We followed the Vivid Light walking trail which led us under the bridge and spectacular views of the Opera House and Luna Park, and then down the path to the water near the bridge.
We then followed the waterfront all the way back to the train station.
Due to some construction on the waterfront the pathway leads back up into the beautiful Rocks.
Given it was a long weekend – albeit, wet and cold – we were really surprised at the lack of crowds around for the evening, which made for an easy and pleasant night especially for the kids.
The views back to the Bridge and up towards Circular Quay from the Passenger Terminal.
As the night was getting late, and the little feet a little tired we started to make our way towards the train station, so i was grabbing a few shots along the way.

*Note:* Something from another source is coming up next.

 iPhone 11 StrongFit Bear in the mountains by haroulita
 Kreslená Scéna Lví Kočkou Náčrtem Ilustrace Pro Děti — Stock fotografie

With a few tired little (and big) people we made the trek back to the park on the trains.
North Ryde Station really is pretty cool!
I made a little video of our Vivid adventure …
Sunday morning the weather still wasn’t really playing nice with us but we did glimpse some blue sky.
With a hearty breakfast in our bellies, and what looked like a clearing sky we tempted fate by bundling all the kids up in their wet weather gear and heading off on a bush walk.
We kinda let the kids decide (but also pushed for the shorter Weir walk) 🙂
The walk was pretty easy, the first part was a small decline down some stairs and then mostly flatish walk along the river edge – it is a truly stunning part of the city.
You have no idea how close to the city you really are when you walking through the park.
As we made our way back to camp i made a little video of the walk.
Whilst it didn’t really rain – a few sprinkles here and there – the weather wasn’t really pleasant enough to do too much, so by sunset we all had the cabin fevers setting in, so we decided to walk the park before settling in for the night.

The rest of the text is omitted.